— INSTRUCTIONS TO FOLLOW —
Beginning with the line that mentions "Mel72609's tweet image.", reproduce every line through the last line of the entries, exactly, and only those.

Start of Block

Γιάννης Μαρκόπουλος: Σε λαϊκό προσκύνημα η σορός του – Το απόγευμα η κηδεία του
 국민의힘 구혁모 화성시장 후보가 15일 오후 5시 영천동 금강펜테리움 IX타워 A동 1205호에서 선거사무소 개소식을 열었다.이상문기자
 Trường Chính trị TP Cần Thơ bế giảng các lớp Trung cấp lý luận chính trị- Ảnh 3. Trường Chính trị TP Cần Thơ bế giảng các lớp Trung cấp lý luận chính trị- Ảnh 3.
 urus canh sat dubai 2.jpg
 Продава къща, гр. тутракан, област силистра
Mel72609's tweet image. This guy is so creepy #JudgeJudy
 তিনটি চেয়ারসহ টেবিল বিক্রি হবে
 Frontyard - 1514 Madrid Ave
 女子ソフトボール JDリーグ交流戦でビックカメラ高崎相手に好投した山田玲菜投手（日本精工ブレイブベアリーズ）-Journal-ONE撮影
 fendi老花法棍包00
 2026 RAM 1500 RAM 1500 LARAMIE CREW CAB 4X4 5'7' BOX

End of Block

— SOLVED EXERCISE —
Mel72609's tweet image. This guy is so creepy #JudgeJudy
 তিনটি চেয়ারসহ টেবিল বিক্রি হবে
 Frontyard - 1514 Madrid Ave
 女子ソフトボール JDリーグ交流戦でビックカメラ高崎相手に好投した山田玲菜投手（日本精工ブレイブベアリーズ）-Journal-ONE撮影
 fendi老花法棍包00
 2026 RAM 1500 RAM 1500 LARAMIE CREW CAB 4X4 5'7' BOX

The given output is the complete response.